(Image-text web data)
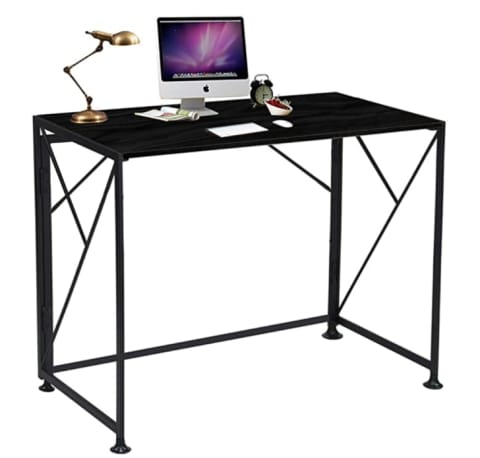 ComHoma Black Desk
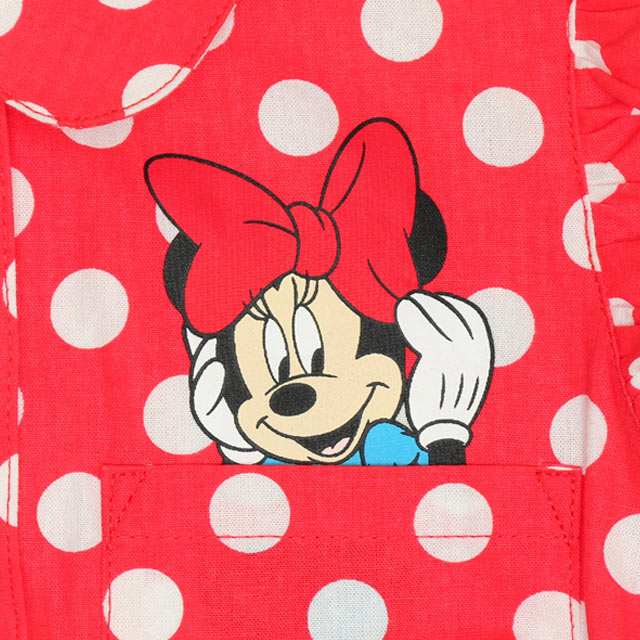 Japanese BDL x Disney patchwork mesh dress 80-140cm girls summer dresses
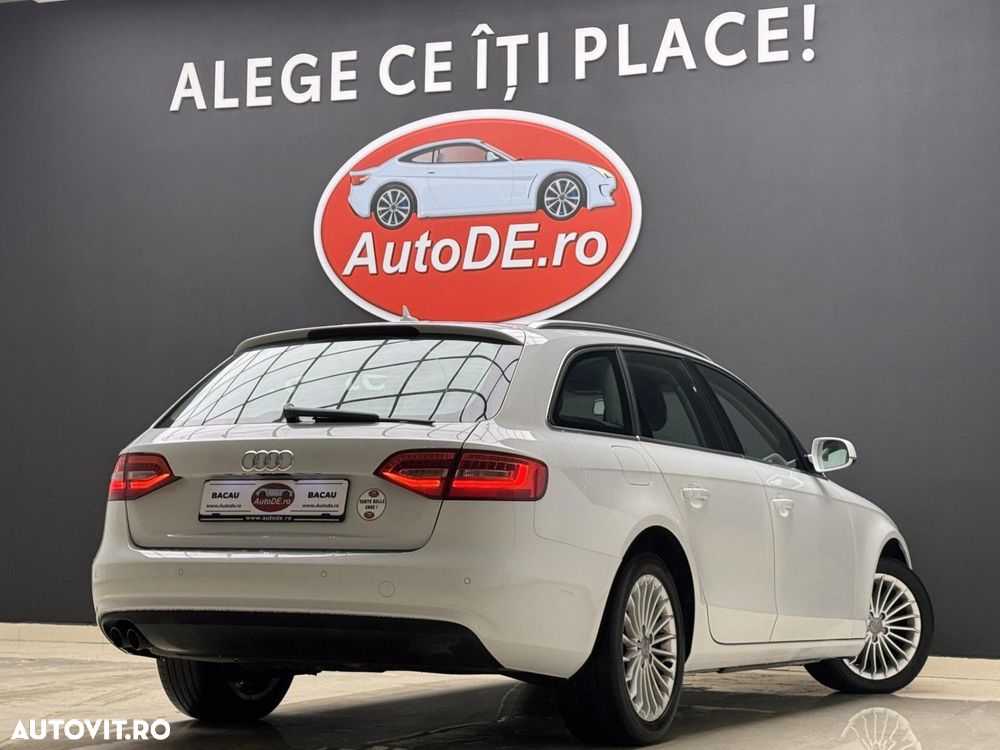Audi A4 Limuzina - 4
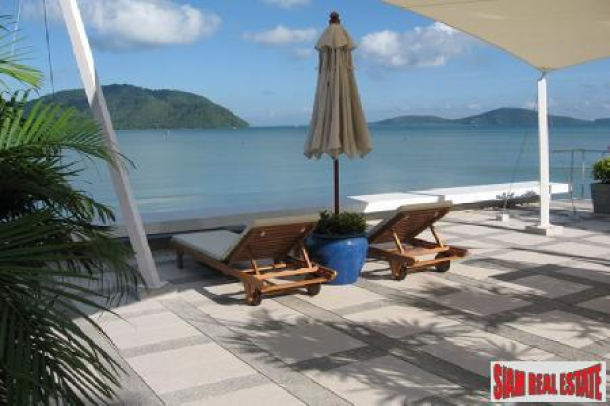 The Kris Condo | One Bedroom Condo for Rent with Full Facilities in Patong-12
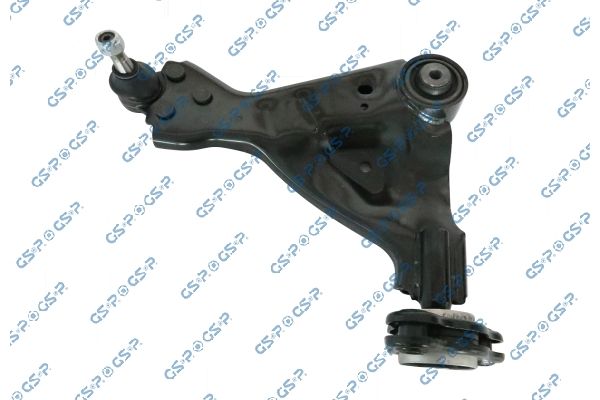 Wahacz, zawieszenie koła GSP S064182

* [Directions]: Please repeat, exactly as written, only the lines from the line with "Audi A4 Limuzina - 4" to the end of the data, leaving out every picture.

* [Response area]:
Audi A4 Limuzina - 4
 The Kris Condo | One Bedroom Condo for Rent with Full Facilities in Patong-12
 Wahacz, zawieszenie koła GSP S064182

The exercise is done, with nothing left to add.